In 2017, Ernesto, Josephine, Robert and Rosanna entered into a shareholders’ agreement, which ostensibly replaced the previous 2011 agreement. The 2017 agreement gave each adult child a portion of shares and promoted Robert to director. It also stated: “This Agreement, and any documents referred to in it…constitute the whole agreement between the parties and supersede any…previous agreement between them relating to the subject matter they cover, including the 2011 shareholders’ agreement” (clause 18).
Ernesto died unexpectedly in 2021, leaving a 2017 will, in which he left his shares in ECSI Ltd to Nora, contrary to the terms of the 2016 deed.
Josephine, Robert and Rosanna contested Ernesto's 2017 will and instead sought to enforce the terms of the 2016 deed, arguing that this had not been revoked by the 2017 shareholders’ agreement or, if it had, that the 2017 agreement should be rectified accordingly.
Nora’s main defence was that the 2017 agreement had superseded the 2016 deed, and this was made clear by clause 18. Accordingly, Ernesto had been free to dispose of his shares as he wished and the 2017 will should stand.
The judge held that the 2016 deed created a binding obligation on Ernesto and Josephine, prohibiting them from dealing with their shares on death other than as agreed: “The subject matter of the 2016 Deed was a mutual promise that any shares still held by Ernesto and Josephine at death would pass to the adult children, and a promise to make wills to that effect. It created testamentary obligations. It removed Ernesto’s and Josephine’s freedom to dispose of their Shares on death.”
He also concluded that the 2017 agreement did not supersede the 2016 deed, because the "subject matter" of the 2017 agreement was "the rights and obligations of the parties as shareholders", whereas the 2016 deed imposed "obligations on Ernesto and Josephine as testators" and conferred "benefits upon the adult children as beneficiaries".
Clause 18, as drafted, could not reasonably be interpreted as ousting the 2016 deed. A key factor in this conclusion was that, whilst clause 18 explicitly stated that the 2011 agreement was superseded, it did not mention the 2016 deed, which logically ought to have been the case if the parties had intended to revoke this document as well.

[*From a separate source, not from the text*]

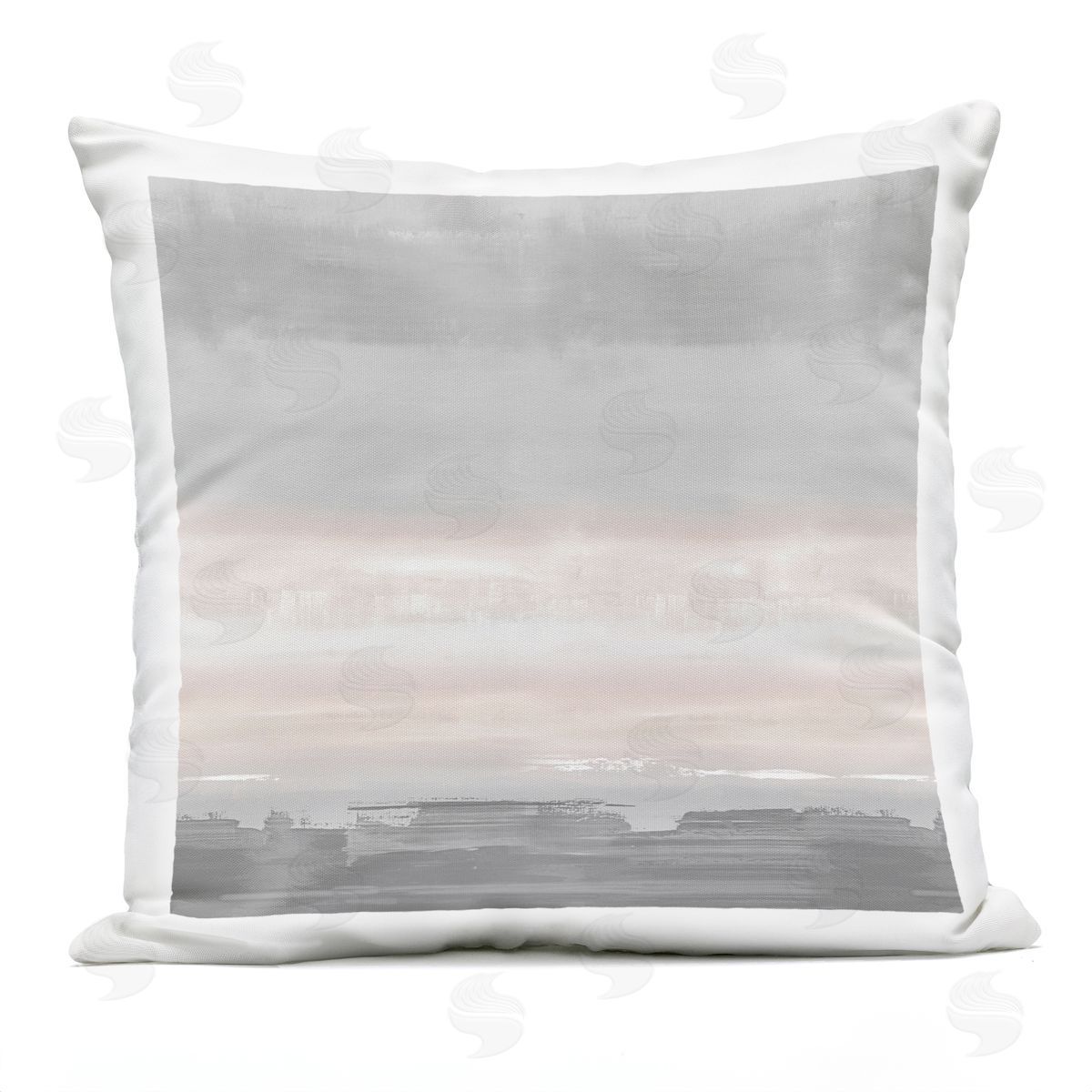 Pink & Grey Brushed Abstract Outdoor Printed Pillow, Home Decor by Rachel Springer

Accordingly, as a matter of construction, the claimants were victorious, meaning that Ernesto’s shares will pass to Robert and Rosanna in accordance with the 2016 deed, rather than to Nora pursuant to the provisions of the 2017 will.
Given this decision, it was not necessary to reach a conclusion on the rectification argument. Although, interestingly, the judge commented that had this been relevant, rectification would not have been available to the claimants, mainly because there was not sufficient evidence available that the parties to the 2017 agreement had shared the necessary common intention on entering into the document, which was then mistakenly recorded in the final agreement.
This case serves as yet another cautionary tale about the use of mutual wills and their potent effect. If you enter into such an arrangement freely of your own accord (there was no suggestion of undue influence here, as was at play in Naidoo v Barton), this judgment indicates that the courts will uphold the agreement, regardless of whether a testator later changes their mind.
It is also clear from the decision that such agreements do not need to be contained in the wills themselves to be binding: a separate document can be just as effective. Whilst testamentary freedom is the starting point in England and Wales (unlike in many other jurisdictions), testators can knowingly set their own limits on this, which the courts will honour. Mutual wills (or equivalent documents) should therefore never be entered into lightly and their lasting impact should not be underestimated.